### Source records ###
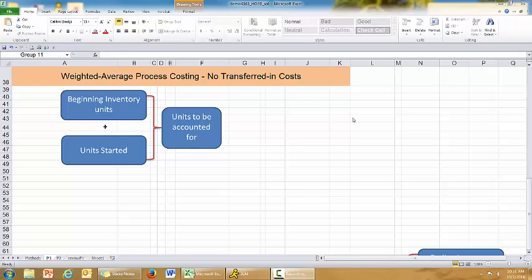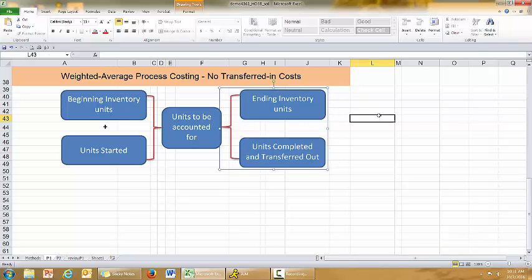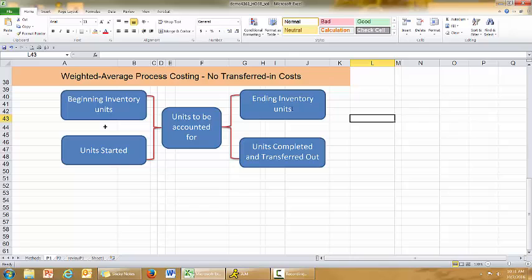This video will cover weighted average process costing. The beginning inventory in units in the work in process department, plus the units the company started during the period, give us units to be accounted for. At the end of the period, these units will be in two locations: ending inventory in the work in process account as units not complete, or units that are 100% complete and have been transferred out. There is also a third category: units accumulated as spoilage or damaged units, which is covered in the controllership or cost accounting 2 course.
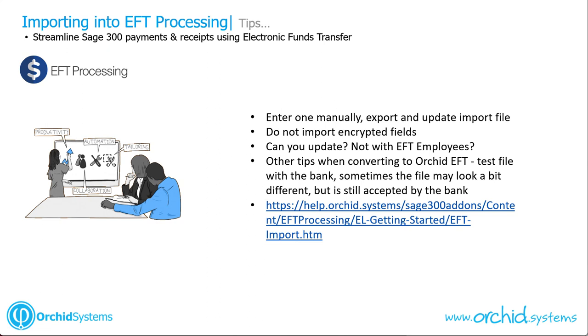Thanks for these insightful tips on importing into EFT processing. Most of this is summarized and documented in the Orchid help under the EFT import topic.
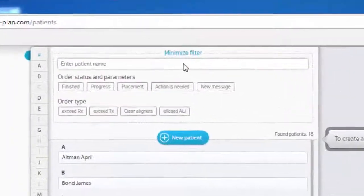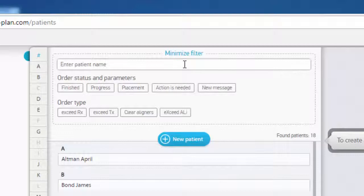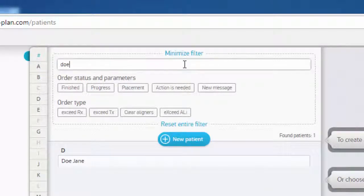To look for a particular order, use the predefined parameters or the search field.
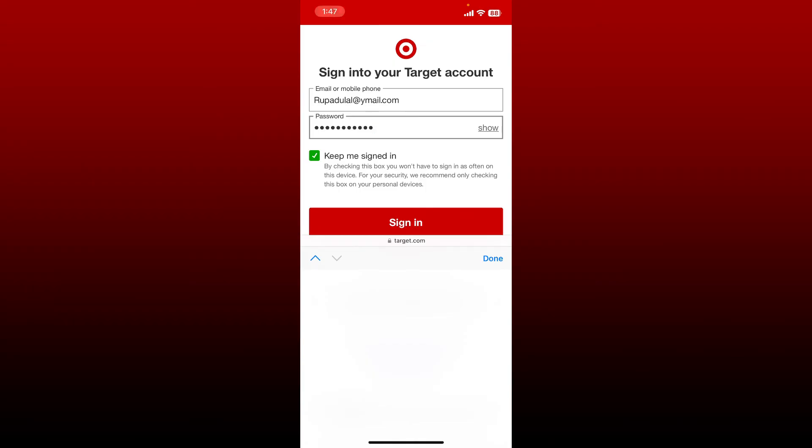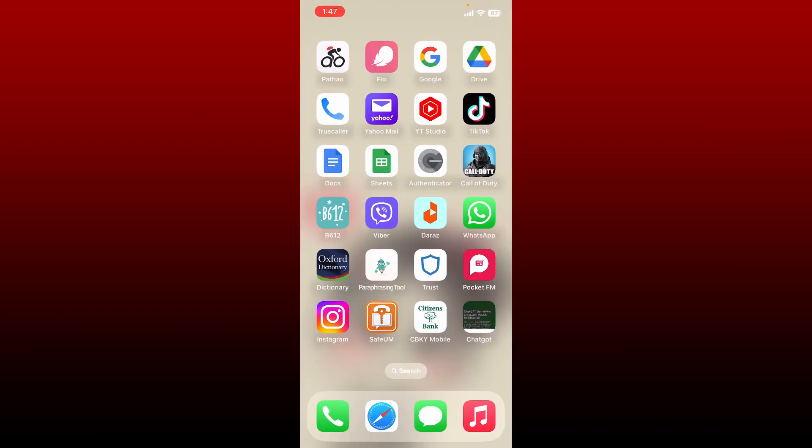You'll be able to log into your Target Red Card online. That is how it can be done.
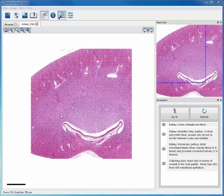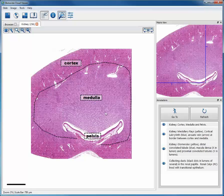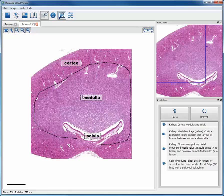If we turn on the annotation for this particular level of magnification, you can see the kidney is divided into a cortex, medulla, and then of course the pelvis.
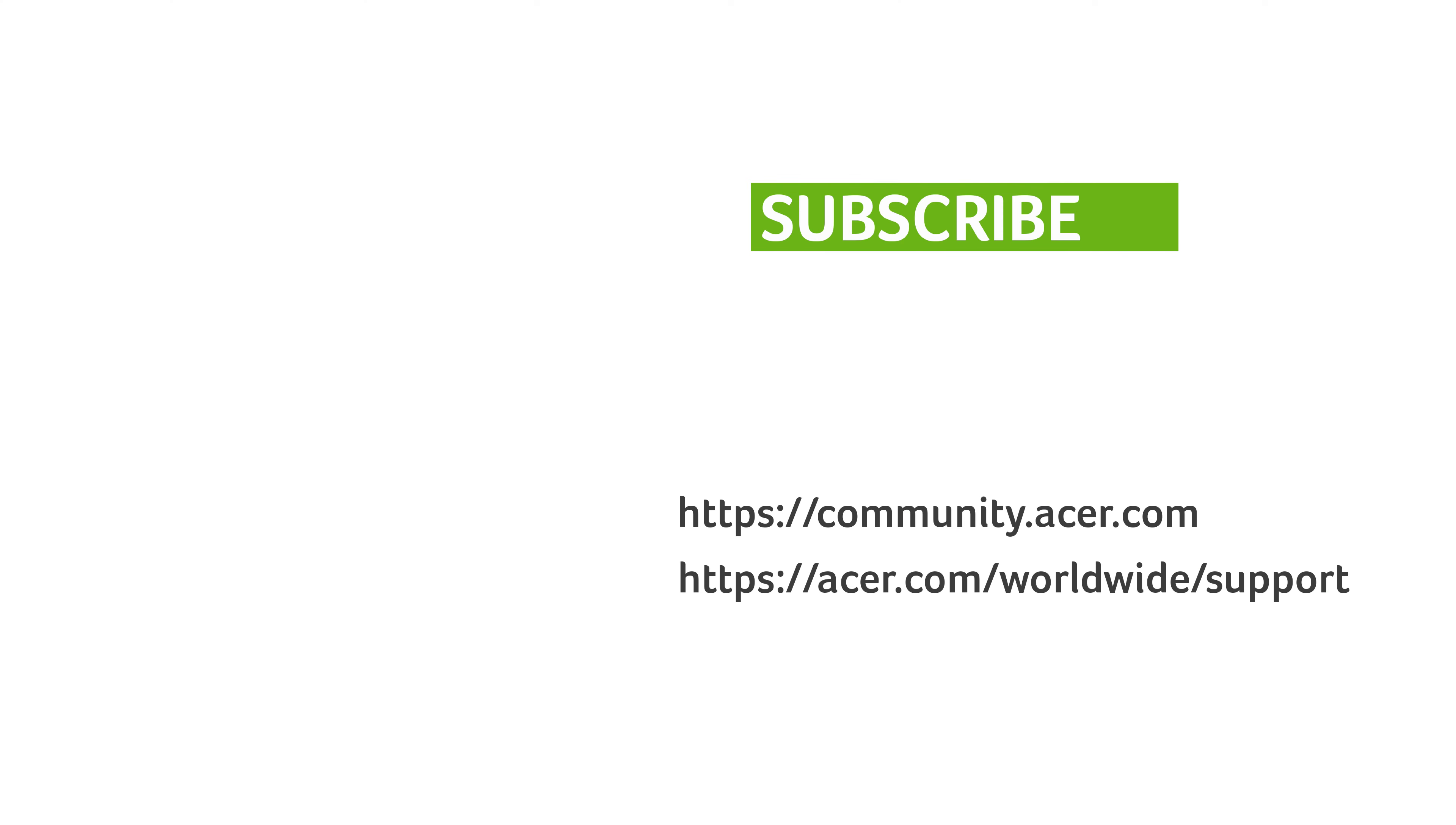If you have any questions, you can always visit the Acer community or our Acer support site. And don't forget to subscribe!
###
Task item |
Leaving every picture aside, reproduce exactly the lines above from the one with "You'll be able" up to and including the one with "If we turn on", and no others.

Response to the task |
You'll be able to log into your Target Red Card online. That is how it can be done.
If we turn on the annotation for this particular level of magnification, you can see the kidney is divided into a cortex, medulla, and then of course the pelvis.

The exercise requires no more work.